Friday, March 18, 2016

Mor upma

This upma is my mother-in-law's original recipe. She makes it with arisi maavu/ Rice flour. I tried it with wheat flour/ godhumai maavu/ atta and it tasted great too.

Ingredients:

Rice flour/ Arisi maavu                                                 1 cup
Curd/ Natural plain yogurt                                              Just enough to make it to a stiff dough
Green chillies                                                               3 nos
Salt                                                                              As needed

To temper

Oil                                                                              5 tblspns
Mustard seeds                                                              1/2 tsp
Urad dal/ Uluthamparuppu                                             1 tsp


Method


  1. In a mixing bowl, add rice flour/arisi maavu, salt, green chillies cut to very thin rings.
  2. Add curd/ natural plain yoghurt little by little and make it to a stiff dough.
  3. Heat a stir fry pan and add oil, mustard seeds to splutter, add uluthamparuppu/urad dhal and fry until golden brown. 
  4. Add the dough and start cutting it to small pieces with the mixing spatula. Soon after adding the dough turn the flame to low and proceed. Roughly cut to 4-6 pieces at first and mix so that the oil has coated the surface. 
  5. After coating the cut pieces with oil, increase the heat to medium so let it cook for 2 mins like that. Now start cutting it to small pieces. People who are familiar with tamil cooking will know about paruppu usili. The upma just becomes like a crumble and will resemble like a paruppu usili if the process is continued. 
  6. Let it get roasted to golden brown. Switch off the stove and serve it hot. 
Usually this upma can be had as such without any side dish as yogurt provides enough sourness and green chillies enough heat. 
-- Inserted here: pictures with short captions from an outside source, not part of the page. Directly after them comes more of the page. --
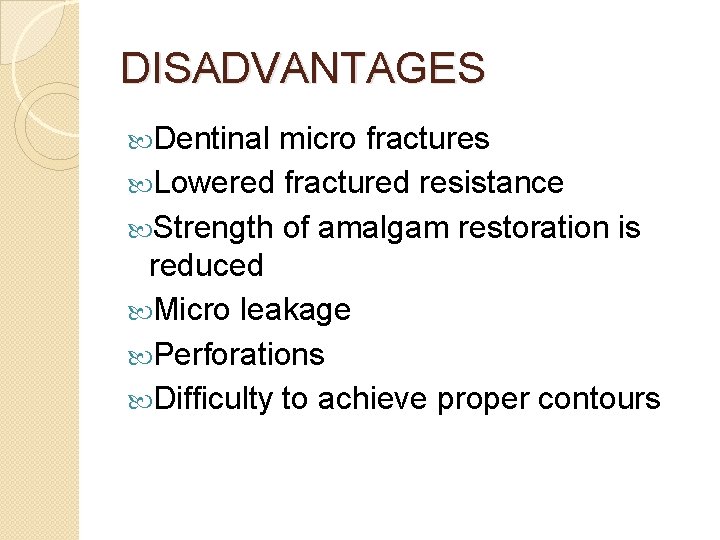 DISADVANTAGES Dentinal micro fractures Lowered fractured resistance Strength of amalgam restoration is reduced Micro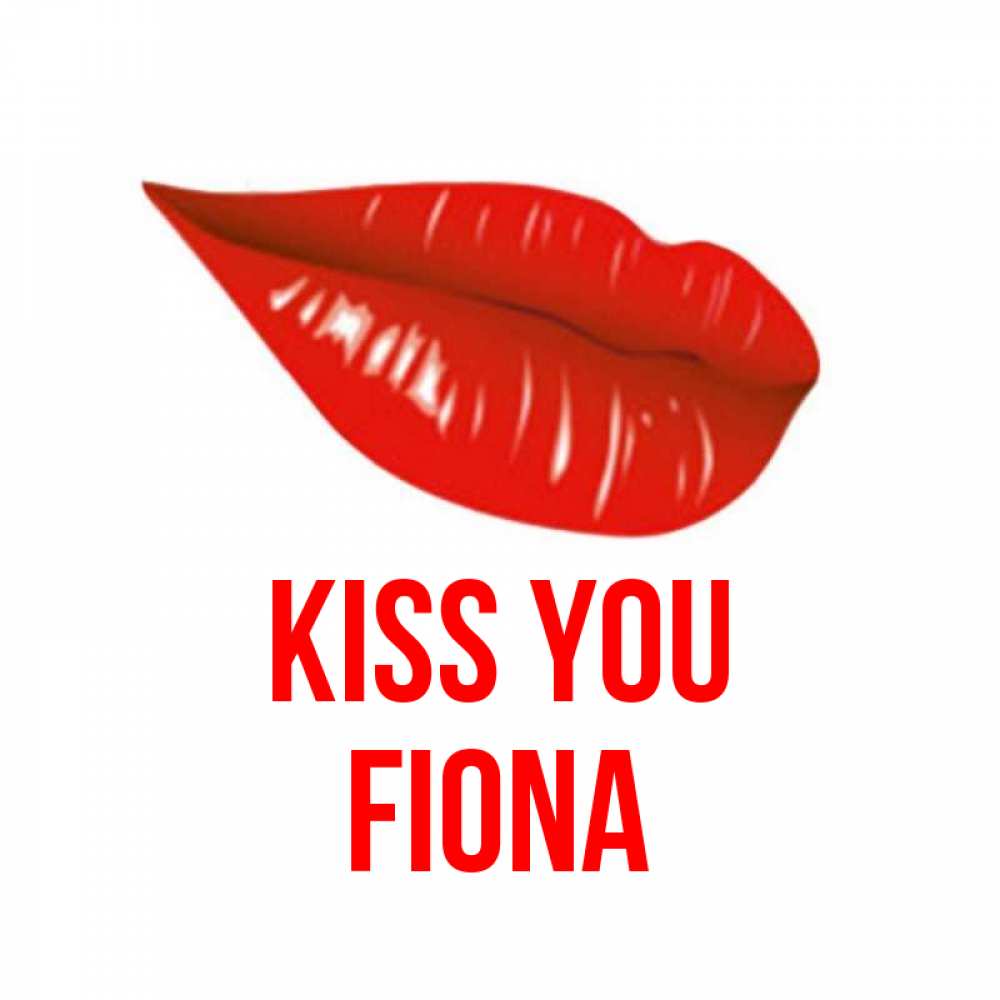 Greetings card с именем, Fiona Kiss you губы на открытке Greetings with text for free download 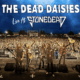 THE DEAD DAISIES (Hard Rock – USA 🇺🇸) – Release live video “Long Way To Go” – Taken from the album “Live At Stonedead” which is out NOW #deaddaisies #hardrock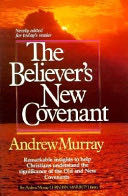 The Believer’s New Covenant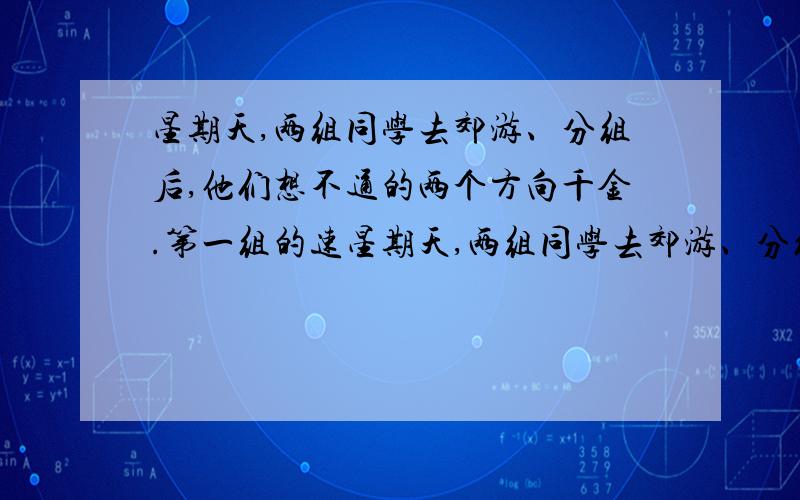 星期天,两组同学去郊游、分组后,他们想不通的两个方向千金.第一组的速星期天,两组同学去郊游、分组后,他们想不通的两个方向前进.第一组的速度是30m/分,第二组的速度是40m/分,半小时后两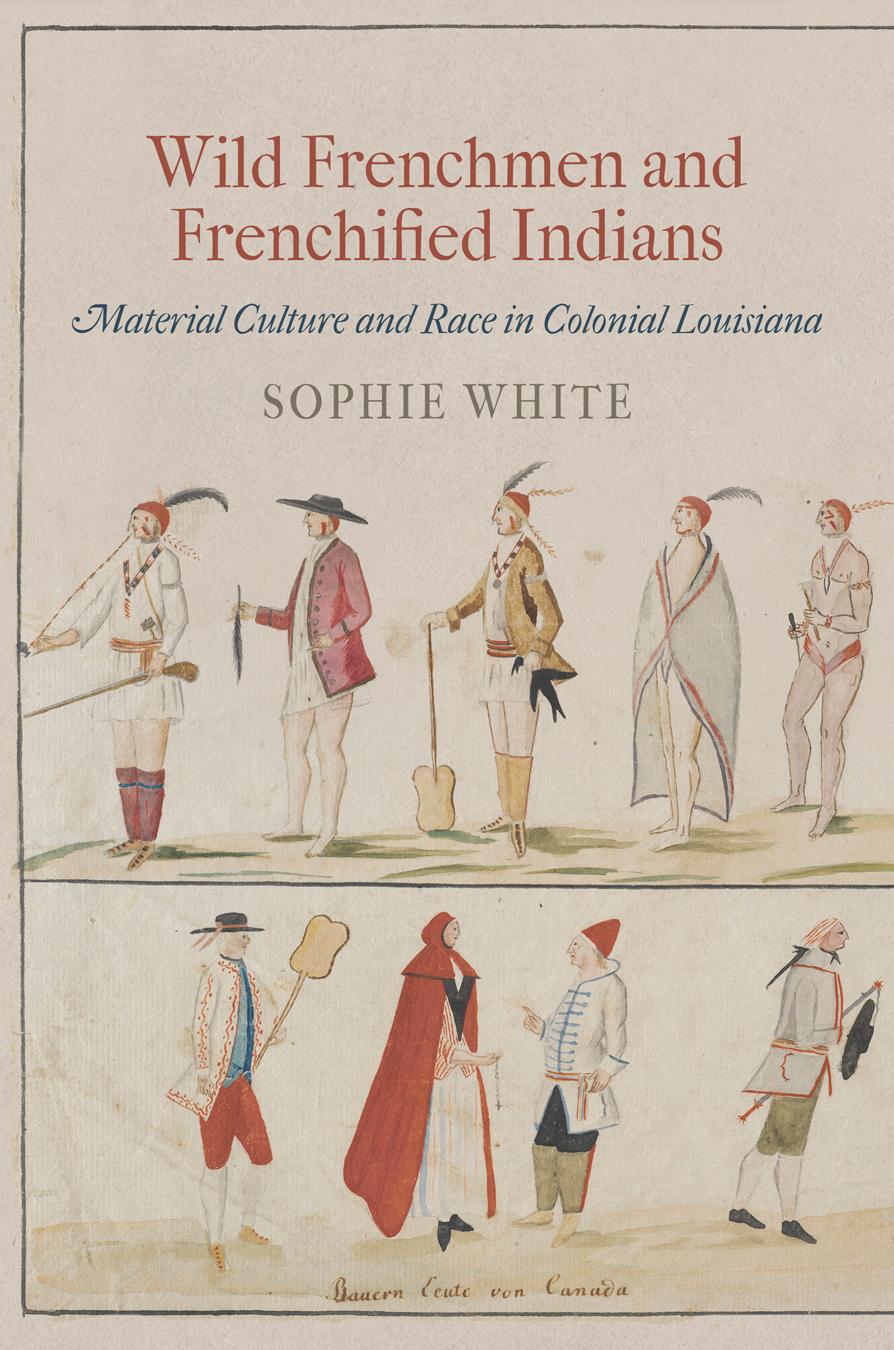 Vorderes Coverbild Wild Frenchmen and Frenchified Indians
Now the same upma with the wheat flour/ Godhumai maavu/ Atta version

This version of upma just takes half the amount of oil and half the amount of time to cook, as wheat cooks in very fast and in very less oil for the same resultant output. 


Ingredients:

Wheat flour/ Godhumai maavu                                      1 cup
Curd/ Natural plain yogurt                                              Just enough to make it to a stiff dough
Green chillies                                                               3 nos
Salt                                                                              As needed

To temper

Oil                                                                              2.5 tblspns
Mustard seeds                                                              1/2 tsp
Urad dal/ Uluthamparuppu                                             1 tsp


Method


  1. In a mixing bowl, add wheat flour/godhumai maavu, salt, green chillies cut to very thin rings.
  2. Add curd/ natural plain yoghurt little by little and make it to a stiff dough.
  3. Heat a stir fry pan and add oil, mustard seeds to splutter, add uluthamparuppu/urad dhal and fry until golden brown. 
  4. Add the dough and start cutting it to small pieces with the mixing spatula. Soon after adding the dough turn the flame to low and proceed. Roughly cut to 4-6 pieces at first and mix so that the oil has coated the surface. 
  5. After coating the cut pieces with oil, increase the heat to medium so let it cook for 2 mins like that. Now start cutting it to small pieces. People who are familiar with tamil cooking will know about paruppu usili. The upma just becomes like a crumble and will resemble like a paruppu usili if the process is continued. 
  6. Let it get roasted to golden brown. Switch off the stove and serve it hot. 
Usually this upma can be had as such without any side dish as yogurt provides enough sourness and green chillies enough heat. 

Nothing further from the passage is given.